Deputy Chief Information Security Officer (CISO) - Application Security & Identity and Access Management

Career Area:
Technology, Digital and Data
Job Description:
Your Work Shapes the World at Caterpillar Inc.
When you join Caterpillar, you're joining a global team who cares not just about the work we do - but also about each other. We are the makers, problem solvers, and future world builders who are creating stronger, more sustainable communities. We don't just talk about progress and innovation here - we make it happen, with our customers, where we work and live. Together, we are building a better world, so we can all enjoy living in it.
Deputy CISO- Application Security & Identity and Access Management
IT professionals at Caterpillar get the opportunity to make a global impact that enables profitable growth by responsive IT solutions with operational excellence. We equip the enterprise with the tools and resources that drive collaboration, innovation and solutions that help our customers build a better world.
Supporting the business operations of more than 500 facilities worldwide in more than 190 countries, you will connect every aspect of our business from order management systems that keep our production lines running to ecommerce solutions for customers ordering parts online to collaboration tools that keep us connected as well as securing and protecting our connected assets around the globe.
The Deputy Chief Information Security Officer (DCISO) over Identity Access Management, Threat and Vulnerability Management, and Application Security is a senior Caterpillar cybersecurity position. This role requires a highly resourceful, experienced, self-driven individual with the ability to partner, execute, and lead through influence.
What You Will Do:

• Report to the Chief Information Security Officer and interact with other Deputy Chief Information Security Officers, Regional Security Directors, Business Risk Management personnel, business unit leadership, department heads and supervisors to enhance security risk management capabilities utilizing effective security risk management practices and tools.
• Manage and lead the Cybersecurity organization through strategic planning as well as project and program management. This position requires extensive collaboration to ensure the cybersecurity program has appropriately addressed risk, providing dependable, complete, and timely reporting of risk management issues and strategies.

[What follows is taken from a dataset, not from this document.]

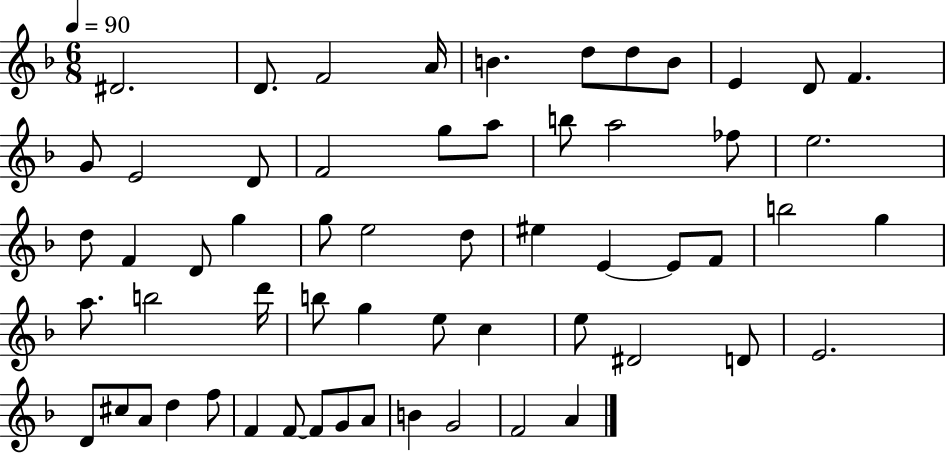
D#4/h. D4/e. F4/h A4/s B4/q. D5/e D5/e B4/e E4/q D4/e F4/q. G4/e E4/h D4/e F4/h G5/e A5/e B5/e A5/h FES5/e E5/h. D5/e F4/q D4/e G5/q G5/e E5/h D5/e EIS5/q E4/q E4/e F4/e B5/h G5/q A5/e. B5/h D6/s B5/e G5/q E5/e C5/q E5/e D#4/h D4/e E4/h. D4/e C#5/e A4/e D5/q F5/e F4/q F4/e F4/e G4/e A4/e B4/q G4/h F4/h A4/q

• Drive strategic initiatives and participate in a wide variety of engagements on behalf of the Cybersecurity team. This role underscores the presumption that secure access to information, data, networks, and operations is critical to achieving enterprise business objectives.
• Accountability for overseeing, leading, and directing the enterprise Threat and Vulnerability Management program, working to reduce technical risk to an acceptable level in support of positive business outcomes.

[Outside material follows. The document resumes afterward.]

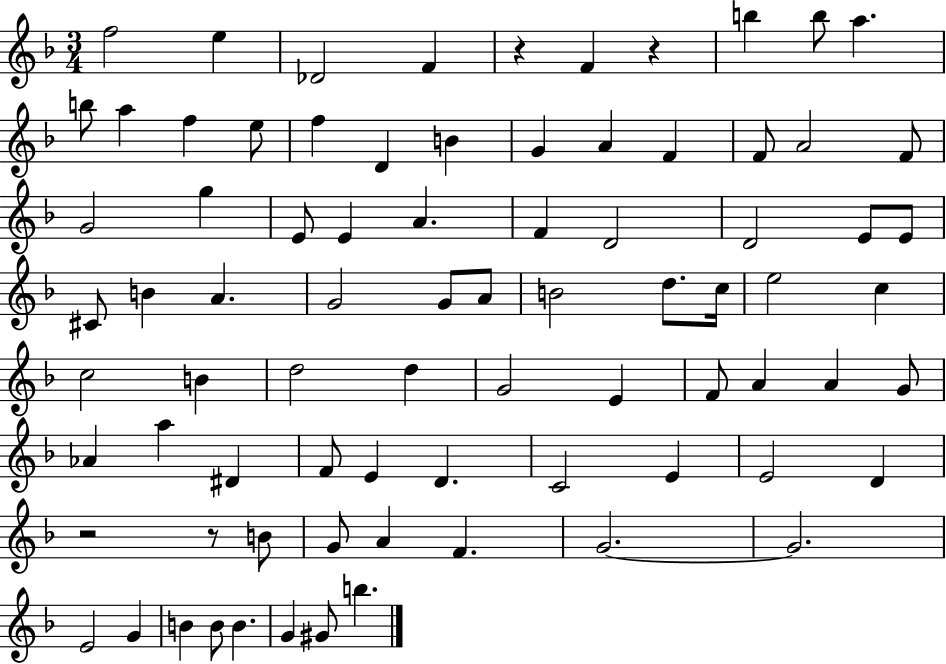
F5/h E5/q Db4/h F4/q R/q F4/q R/q B5/q B5/e A5/q. B5/e A5/q F5/q E5/e F5/q D4/q B4/q G4/q A4/q F4/q F4/e A4/h F4/e G4/h G5/q E4/e E4/q A4/q. F4/q D4/h D4/h E4/e E4/e C#4/e B4/q A4/q. G4/h G4/e A4/e B4/h D5/e. C5/s E5/h C5/q C5/h B4/q D5/h D5/q G4/h E4/q F4/e A4/q A4/q G4/e Ab4/q A5/q D#4/q F4/e E4/q D4/q. C4/h E4/q E4/h D4/q R/h R/e B4/e G4/e A4/q F4/q. G4/h. G4/h. E4/h G4/q B4/q B4/e B4/q. G4/q G#4/e B5/q.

• Management and execution of our Identity and Access Management (IAM) products and services across the extended global enterprise, and modernize IAM service offerings, to secure and protect Caterpillar, and improve productivity and customer experience.

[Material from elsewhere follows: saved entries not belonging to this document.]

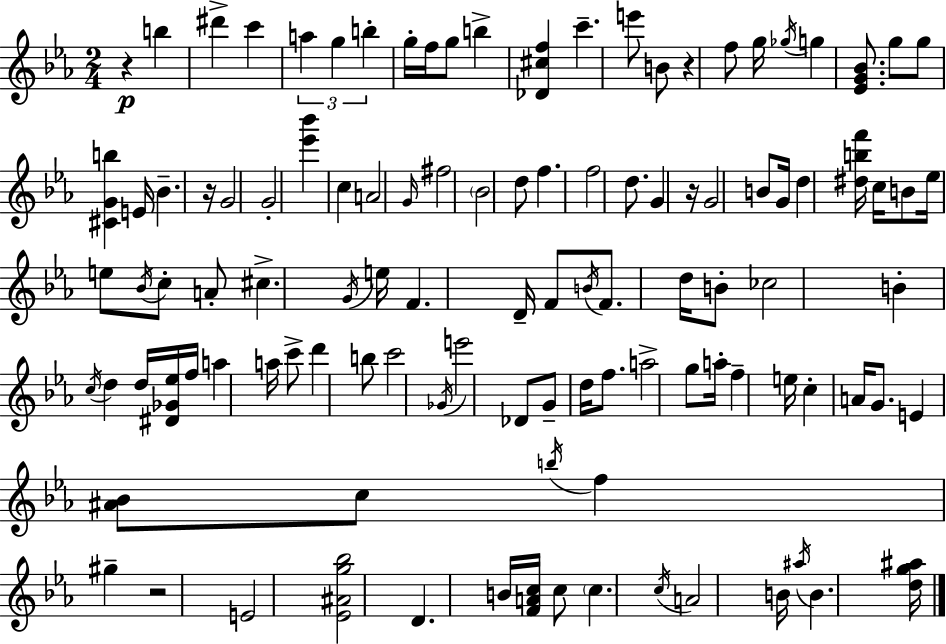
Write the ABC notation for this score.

X:1
T:Untitled
M:2/4
L:1/4
K:Eb
z b ^d' c' a g b g/4 f/4 g/2 b [_D^cf] c' e'/2 B/2 z f/2 g/4 _g/4 g [_EG_B]/2 g/2 g/2 [^CGb] E/4 _B z/4 G2 G2 [_e'_b'] c A2 G/4 ^f2 _B2 d/2 f f2 d/2 G z/4 G2 B/2 G/4 d [^dbf']/4 c/4 B/2 _e/4 e/2 _B/4 c/2 A/2 ^c G/4 e/4 F D/4 F/2 B/4 F/2 d/4 B/2 _c2 B c/4 d d/4 [^D_G_e]/4 f/4 a a/4 c'/2 d' b/2 c'2 _G/4 e'2 _D/2 G/2 d/4 f/2 a2 g/2 a/4 f e/4 c A/4 G/2 E [^A_B]/2 c/2 b/4 f ^g z2 E2 [_E^Ag_b]2 D B/4 [FAc]/4 c/2 c c/4 A2 B/4 ^a/4 B [dg^a]/4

• Oversee delivery of the enterprise application development security program, establishing the foundational structure for secure application development, secure coding practices, and continuous education across the enterprise.
• Develop and implement strategic and operational processes that enable business success while mitigating risk.
• Collaborate closely with other leaders to ensure information assets and associated technology, applications, systems, infrastructure, and processes are adequately protected throughout the digital ecosystem, even when the cybersecurity program may not be responsible for the underlying technology.
• Contribute to identifying, assessing, and managing security risks in a manner that meets compliance, quality, legal and regulatory requirements, and aligns with and supports the company risk posture. This includes assessing third-party service providers, partners, joint ventures, and acquisitions.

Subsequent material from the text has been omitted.